Geoff Ruth, an Urban science teacher, and the previous academic dean said that since coming to Urban in 2005, there have been three versions of the four-day schedule. Yen said that the original four-day schedule (before fall 2015) had three classes meet every day of the 4-day week. “It was very rhythmic,” she said.
Ruth said, “we tried to eliminate having four classes at once.” However, this schedule was met with many complaints. Ruth explained that there were two main critique points for this schedule. “There [were] too many transitions in a day, meaning that you have to move between too many things; A period to advising to B period to [lunch] to C period.”
Additionally, Yen said, “there were no double periods. Instead, there were these 105-minute blocks, where teachers were allowed to choose when the break was okay. This idea of teachers choosing when the break was was confusing.” On top of the many transitions and out-of-sync breaks, Yen said, “there was always homework from three classes due every single day.”

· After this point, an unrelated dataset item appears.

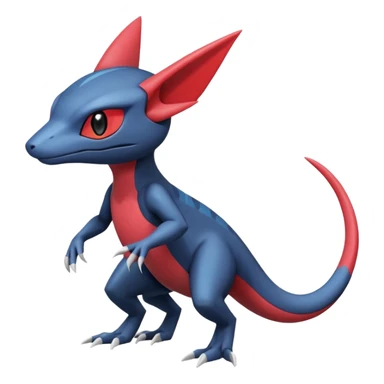 Heliolisk-Sneasel-Salandit-Cyclizar-Genesect-Pokémon, full body sticker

These concerns led the Program Innovation Committee to switch to a 4-2-2-4 schedule. “It takes a while for us to feel out the kinks of any new schedule,” said Yen. “[In] the last two years, we really haven’t had a normal schedule because you are constantly changing schedules with Virtual Urban, [normal] Urban and hybrid Urban.” In an effort to limit students’ workloads and have fewer transitions in a single day, the new 4-day pilot schedule has eight double periods a week. Because this new schedule is quite different from previous 4-day week schedules, Yen released a survey for students to share their thoughts. Responses from this survey varied. “Some students will do better with shorter periods of time of instruction,” said Yen, “whereas for some classes that are very project-based it’s really helpful actually to have more double periods.” “[However,] the overwhelming response was that people like the pilot schedule,” Yen said. Based on the survey, this support for the pilot schedule is not a response to more double periods, but rather a response to the reduced homework load.
This strong emphasis on workload in students’ responses, Yen said, “highlights the need for us to take a closer look at the homework load.” Yen said that week eleven of the winter term had the Fall 2021 4-day schedule, but with the caveat that teachers could only assign two homework assignments a week, with homework being due either day one or day three, but not both. “The feedback showed that while people really really liked the homework load of the present schedule, many also still prefer the length of class time in the original 4-day schedule,” Yen said.